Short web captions
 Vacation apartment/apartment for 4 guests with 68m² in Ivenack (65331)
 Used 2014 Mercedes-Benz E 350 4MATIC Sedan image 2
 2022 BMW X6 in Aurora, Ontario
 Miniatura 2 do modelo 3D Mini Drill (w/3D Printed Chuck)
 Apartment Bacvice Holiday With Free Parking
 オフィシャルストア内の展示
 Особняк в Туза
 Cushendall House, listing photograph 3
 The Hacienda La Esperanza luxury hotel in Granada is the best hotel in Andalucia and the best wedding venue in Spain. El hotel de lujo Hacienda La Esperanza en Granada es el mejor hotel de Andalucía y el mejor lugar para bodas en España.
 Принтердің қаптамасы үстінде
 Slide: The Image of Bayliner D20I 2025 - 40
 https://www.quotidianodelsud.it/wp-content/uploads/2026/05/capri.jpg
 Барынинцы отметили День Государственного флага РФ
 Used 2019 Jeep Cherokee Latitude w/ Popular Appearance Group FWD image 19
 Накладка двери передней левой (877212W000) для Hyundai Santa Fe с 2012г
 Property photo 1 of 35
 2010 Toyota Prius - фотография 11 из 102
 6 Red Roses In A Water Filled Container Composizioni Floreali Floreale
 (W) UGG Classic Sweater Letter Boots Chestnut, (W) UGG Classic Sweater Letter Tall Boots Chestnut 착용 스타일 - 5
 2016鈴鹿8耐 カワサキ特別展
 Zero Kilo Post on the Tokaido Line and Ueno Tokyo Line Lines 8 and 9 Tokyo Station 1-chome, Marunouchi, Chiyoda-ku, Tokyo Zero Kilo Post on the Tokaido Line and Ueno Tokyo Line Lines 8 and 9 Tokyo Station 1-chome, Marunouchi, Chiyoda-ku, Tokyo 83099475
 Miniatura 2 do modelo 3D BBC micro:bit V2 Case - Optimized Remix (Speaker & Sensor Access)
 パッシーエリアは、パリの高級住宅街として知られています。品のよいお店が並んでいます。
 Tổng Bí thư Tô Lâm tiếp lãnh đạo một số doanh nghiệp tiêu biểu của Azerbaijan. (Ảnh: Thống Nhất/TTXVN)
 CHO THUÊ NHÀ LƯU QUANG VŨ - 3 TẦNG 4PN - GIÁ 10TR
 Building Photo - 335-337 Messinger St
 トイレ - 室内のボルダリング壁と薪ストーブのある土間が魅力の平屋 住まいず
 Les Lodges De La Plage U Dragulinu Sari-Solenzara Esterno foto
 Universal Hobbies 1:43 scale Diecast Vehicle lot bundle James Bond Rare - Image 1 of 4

_Problem description_
Say how many lines above contain the string "Used". Answer with the number only.

_Answer box_
2